• **THE PROBLEM**: Each line from the one holding "Once logged in, you" through the end of the records should be returned exactly, while pictures are skipped.

━━ THE DATA

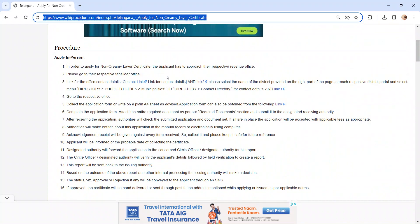Submit the application form along with the documents to the concerned officer. If all are in place, the application will be accepted. If the application is incomplete, it will not be accepted. Finally, pay the required fees as requested by the officer.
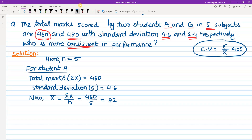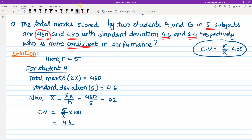Now the coefficient of variation for student A: CV equals sigma divided by x-bar, multiplied by 100. So CV equals 4.6 divided by 92, multiplied by 100, which equals 5.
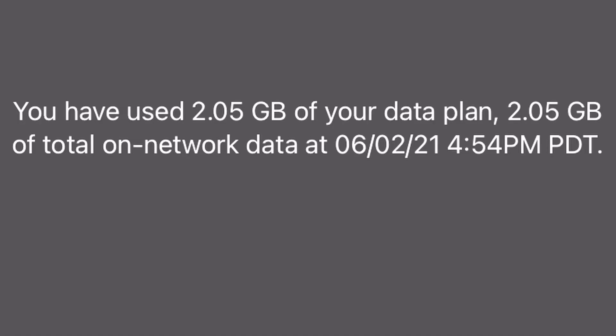One thing to note here is that when you dial the number, it only shows your data usage for the current billing period. It doesn't give you any information from previous billing periods or hotspot usage. So if you want to check out more of those details, it's time to go on to option number two: downloading the T-Mobile app and navigating to the right part where you can check your data.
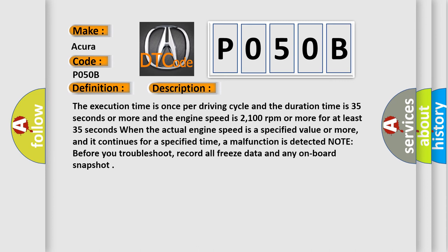And now this is a short description of this DTC code. The execution time is once per driving cycle and the duration time is 35 seconds or more and the engine speed is 2100 revolutions per minute or more for at least 35 seconds when the actual engine speed is a specified value or more, and it continues for a specified time. A malfunction is detected.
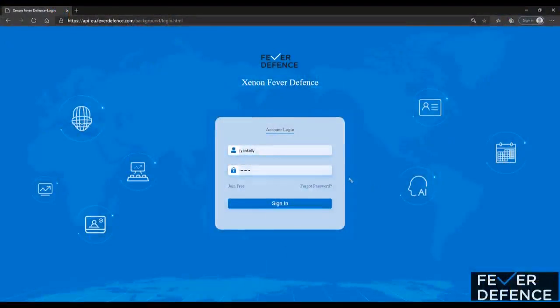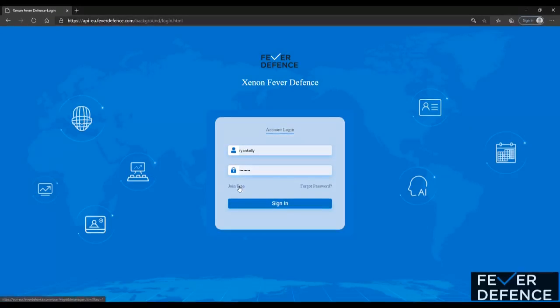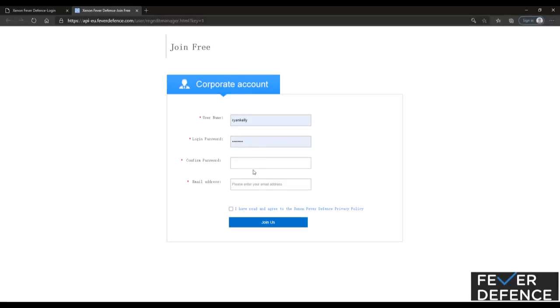So now that you're on your online platform, what you'll need to do if you haven't done is create an account. Select the join free button, you're going to enter in a username, a password, confirm that password and an email address.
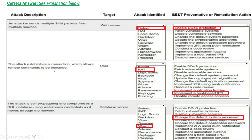The second attack description — the attack establishes a connection which allows remote commands to be executed, target is a user — the attack identified is RAT (Remote Access Trojan). The best preventive or remediation action is implement a host-based IPS. That is the correct answer for the second attack.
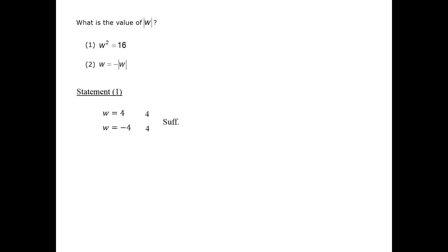On to statement 2, forgetting about statement 1. Paraphrasing this statement, it says that the negative of the absolute value of w equals w.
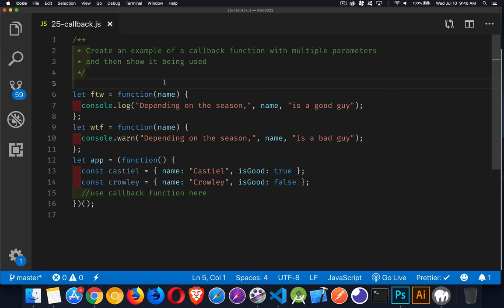So next up in our JavaScript interview series, we're going to be talking about callback functions. Now, to truly understand something, very often you'll be asked to build an example of something. So, callback functions.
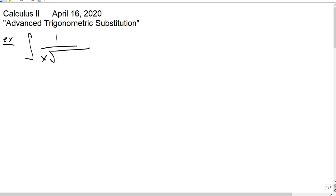Now, of course, I never worked these things out ahead of time, so who knows if this is going to work or not. I'm just going to show you how it basically works. We've got the integral of 1 over x times the square root of 4 minus 5x squared, dx. Can't use u-substitution. It would be lovely if that x was up top, but it's not. So what do we do?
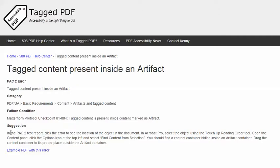This video will demonstrate this suggestion for resolving this error using Adobe Acrobat Pro, and the demo will use this example PDF, which you're free to download if you'd like and use to practice resolving this error.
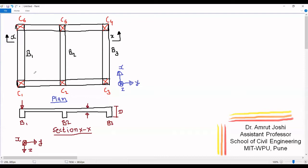Now while bending, these beams also take some portion of the slab along with them if certain conditions are satisfied. Those conditions will be discussed later. But let us say beam B1 bends with some portion of the slab. Beam B2, as it has slabs on either side, will bend with some portion of the slab on both sides. And beam B3 doesn't have a slab on the right hand side, therefore it will bend with some portion of the slab on its left hand side.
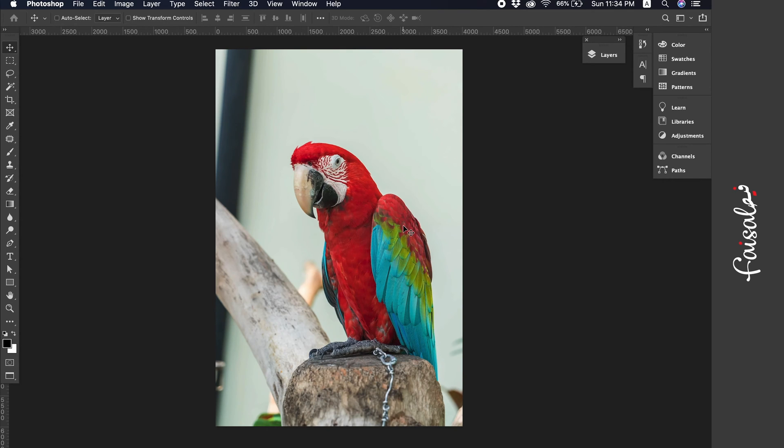Hello and welcome, this is Faisal and in this video we'll explain how to convert an image to Pantone or spot color using Adobe Photoshop.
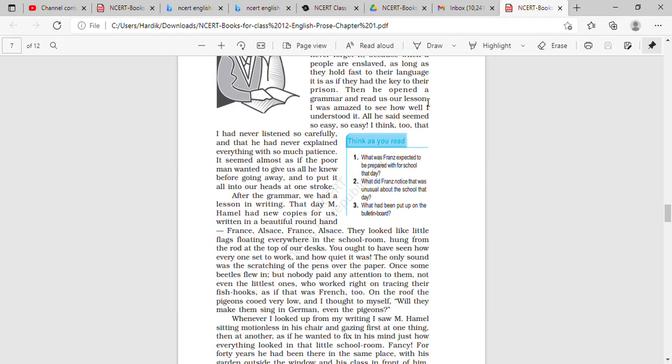So now let us start. After the grammar we had a lesson in writing. They had new copies for us written in a beautiful round hand: France, Alsace, France, Alsace. They looked like little flags floating everywhere in the schoolroom, hung from the rod at the top of our desks. You ought to have seen how everyone set to work and how quiet it was.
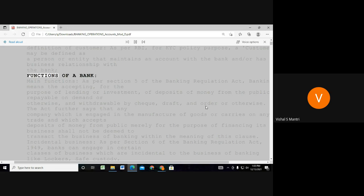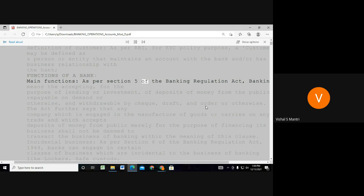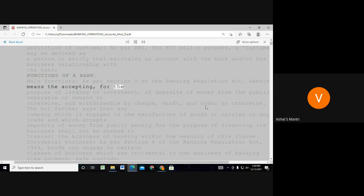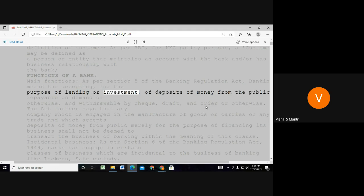Functions of a bank — main functions. As per Section 5 of the Banking Regulation Act, banking means the acceptance, for the purpose of lending or investment, of deposits of money from the public.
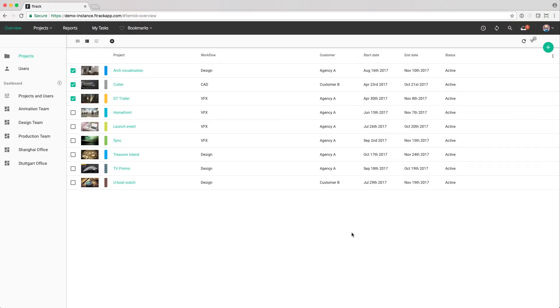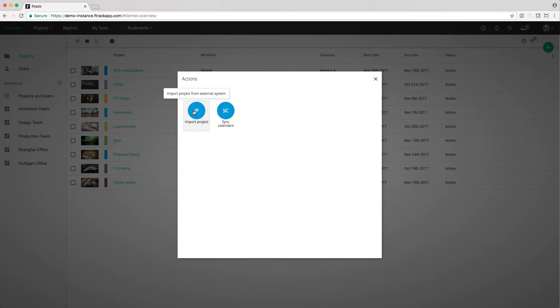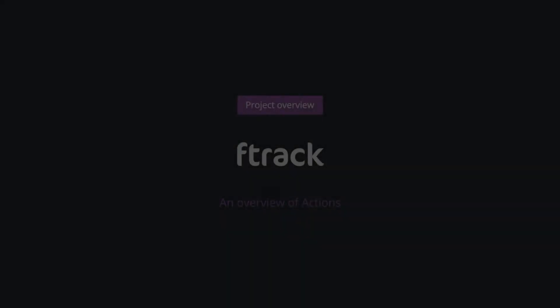It's also possible to run actions without any project selected. For example, this can be used to integrate with an external system to import projects. That's a simple overview of using F-Track API for actions.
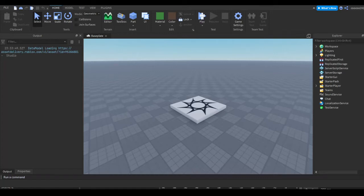Hey guys, welcome to another video. In this video, I'm gonna show you how to make an NPC, or pretty much anything with a humanoid, move to a different location.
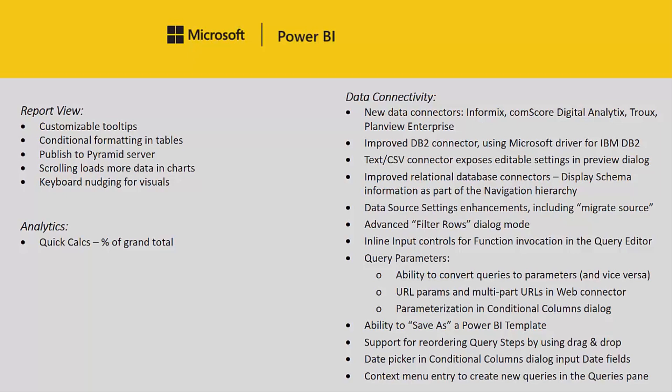Inline input controls for function invocation in the query editor. We have some improvements to query parameters with the ability to convert queries to parameters and vice versa. Support for URL parameterization in multi-part URLs in the web connector. We also have support for parameterization in conditional columns dialog. Now we also have the ability to save as a Power BI template not just the PBIX file. Some query step enhancements where we support drag and drop for reordering query steps. We've got a date picker for you to choose your date fields in the conditional columns dialog and we also have a new context menu entry where you can create new queries right from the queries pane.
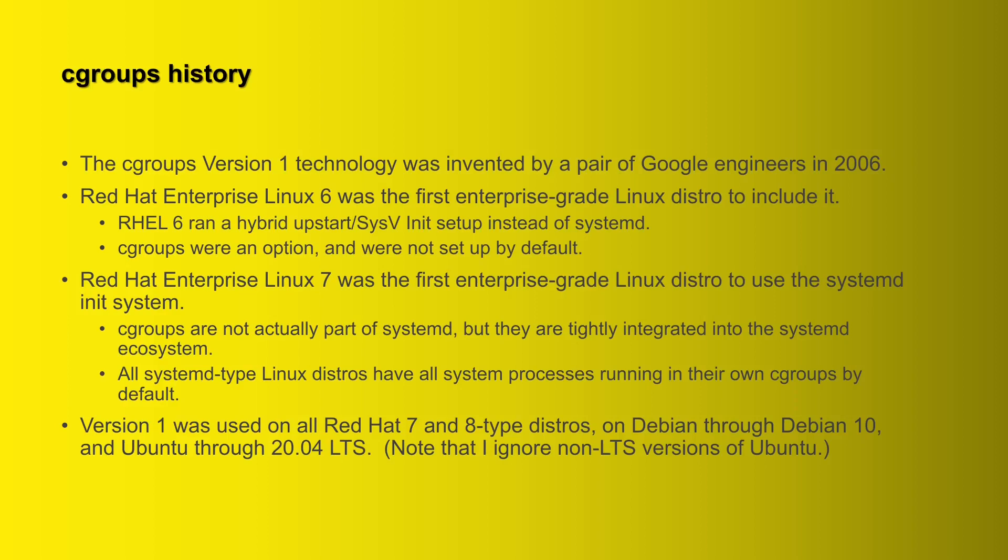Cgroups version 1 was invented by a pair of Google engineers in 2006, and the first enterprise grade Linux distro to use cgroups technology, and this was version 1, was Red Hat Enterprise Linux 6. Red Hat Enterprise Linux 6 ran a hybrid upstart sysv init system instead of systemd, and I'll explain why that's important in just a moment. But cgroups with that setup were an option; they were not set up by default.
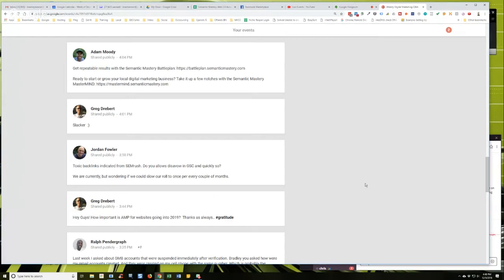It's not something I do regularly anymore because all the SEO stuff that I do now, it's very rare that I come across sites that have to do that kind of stuff. I don't recommend link cleanup jobs. It's a pain in the ass. It's very tedious.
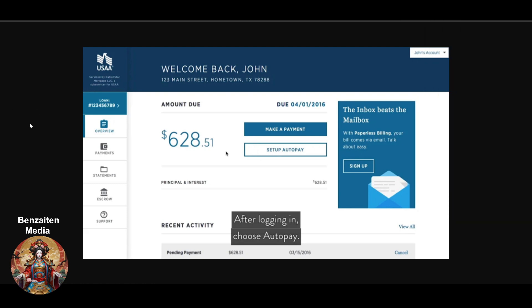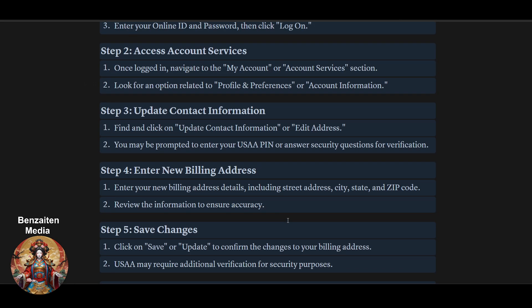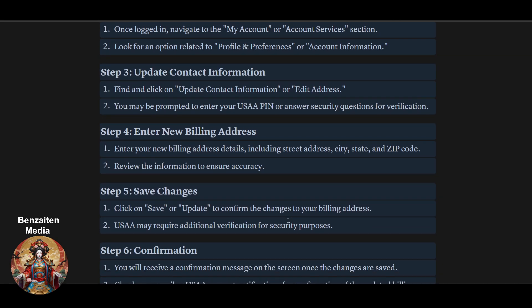Once logged in, you will see a 'Your Account' option in the top right corner. Navigate to the Account section, click on it, then go to Account Services. Look for an option related to Profile Preferences or Account Information, where you will find the option to update your details.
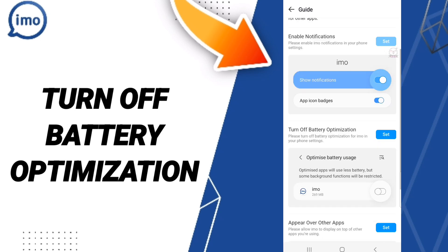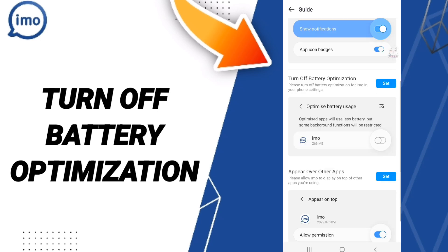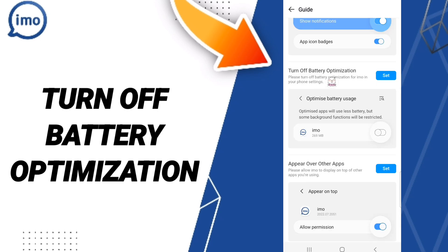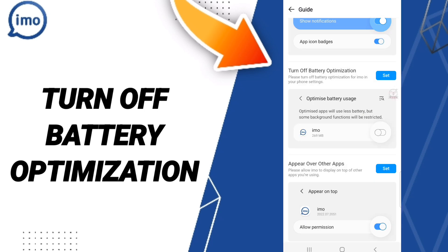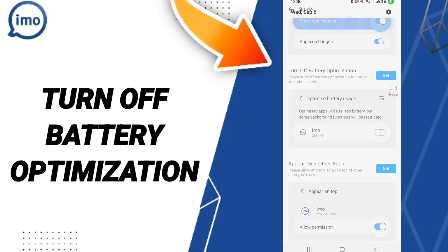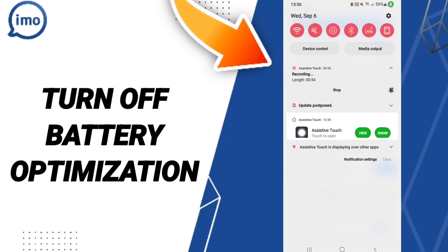Then in this list, you will click Turn Off Battery Optimization and click Set. After that, click Allow to turn off battery optimization on the email application.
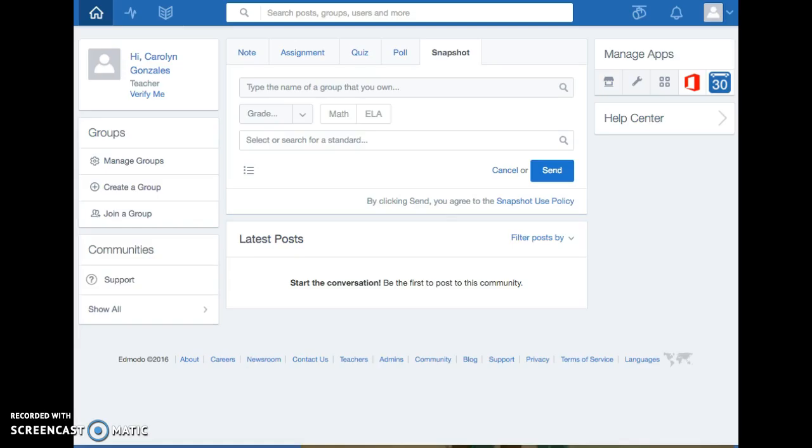Edmodo is like the Facebook for students in a classroom. I would like to use it because I teach three different sections of science and social studies and my students could collaborate together with other classes.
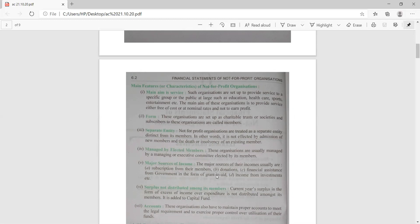Now let's see the main features of not-for-profit organizations — this is the theoretical part and may carry one mark in the paper. The first feature is that the main aim is service. These organizations are formed as charitable trusts and societies, and subscribers are called members. They have a separate entity, treated as distinct from their members — similar to a company. Feel free to ask if anything is unclear.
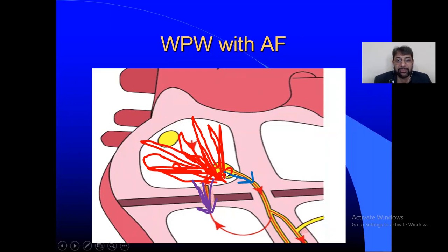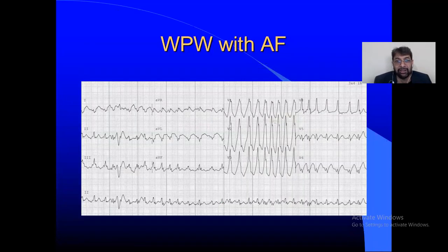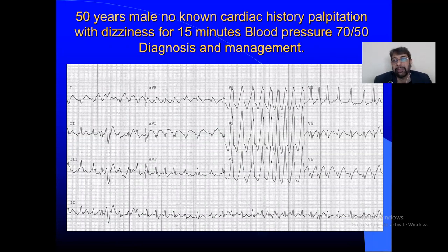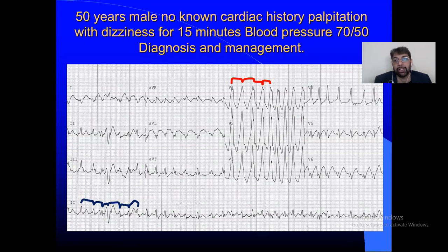In AF with WPW, many complexes arising within the atria find their way through either the AV node or the accessory conduction pathway into the ventricle. That's why you get a mixed QRS complex — sometimes narrow, sometimes broad, sometimes a combination. This is the characteristic ECG of AF with WPW. In conclusion, our patient had WPW with atrial fibrillation — the reason being irregularly irregular broad complex with beat-to-beat change in QRS morphology. Thank you very much for listening.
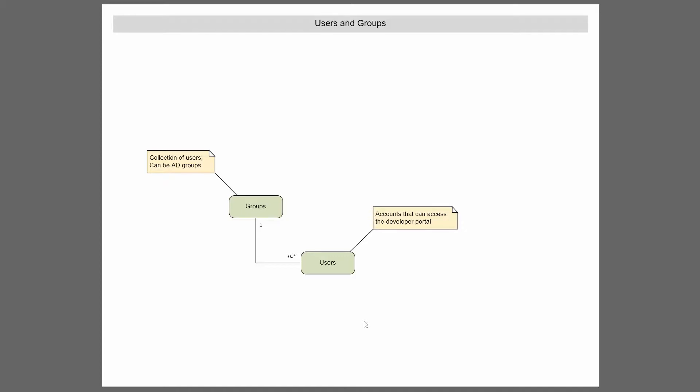But users can exist by themselves. They don't have to be a part of a group. And a group can contain zero or more users. So you can create an empty group that you're not using.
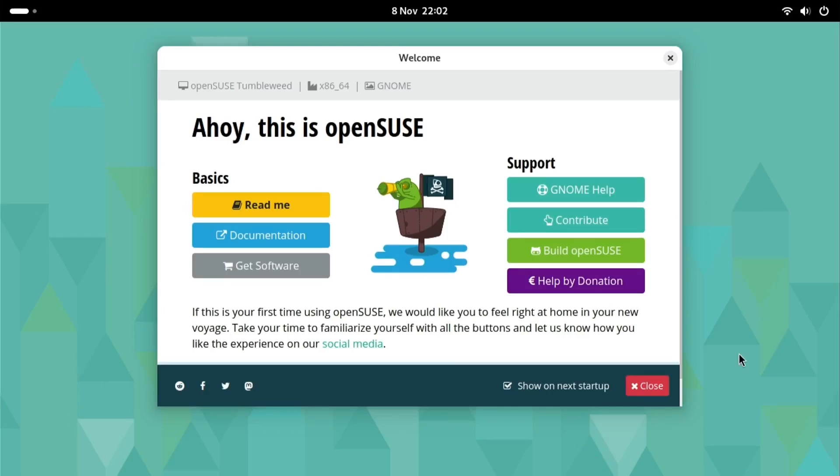In the next guide I'm going to show you how to set up OpenSUSE, but for now that is the end of the video.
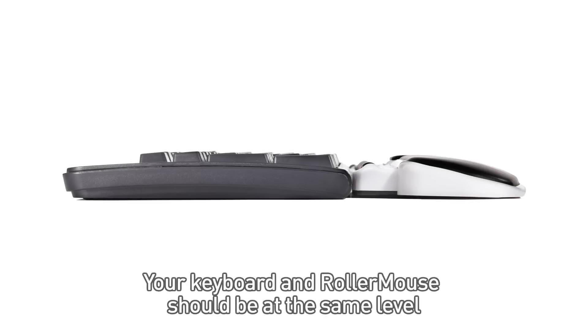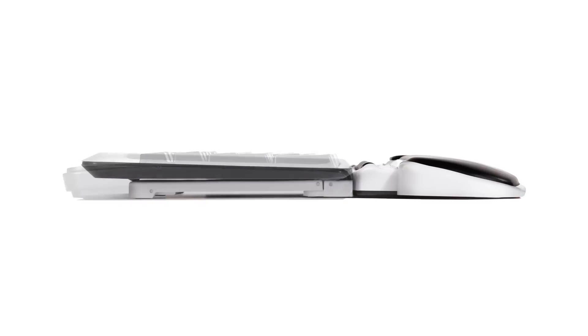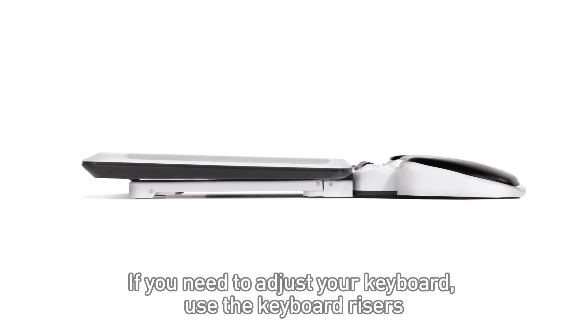Your keyboard and RollerMouse should be at the same level. If you need to adjust your keyboard, use the keyboard risers.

━━━━

• **ANSWER SECTION**:
Once logged in, you will see a 'Your Account' option in the top right corner. Navigate to the Account section, click on it, then go to Account Services. Look for an option related to Profile Preferences or Account Information, where you will find the option to update your details.
Then in this list, you will click Turn Off Battery Optimization and click Set. After that, click Allow to turn off battery optimization on the email application.
Edmodo is like the Facebook for students in a classroom. I would like to use it because I teach three different sections of science and social studies and my students could collaborate together with other classes.
Now let's see the main features of not-for-profit organizations — this is the theoretical part and may carry one mark in the paper. The first feature is that the main aim is service. These organizations are formed as charitable trusts and societies, and subscribers are called members. They have a separate entity, treated as distinct from their members — similar to a company. Feel free to ask if anything is unclear.
In AF with WPW, many complexes arising within the atria find their way through either the AV node or the accessory conduction pathway into the ventricle. That's why you get a mixed QRS complex — sometimes narrow, sometimes broad, sometimes a combination. This is the characteristic ECG of AF with WPW. In conclusion, our patient had WPW with atrial fibrillation — the reason being irregularly irregular broad complex with beat-to-beat change in QRS morphology. Thank you very much for listening.
But users can exist by themselves. They don't have to be a part of a group. And a group can contain zero or more users. So you can create an empty group that you're not using.
In the next guide I'm going to show you how to set up OpenSUSE, but for now that is the end of the video.
Your keyboard and RollerMouse should be at the same level. If you need to adjust your keyboard, use the keyboard risers.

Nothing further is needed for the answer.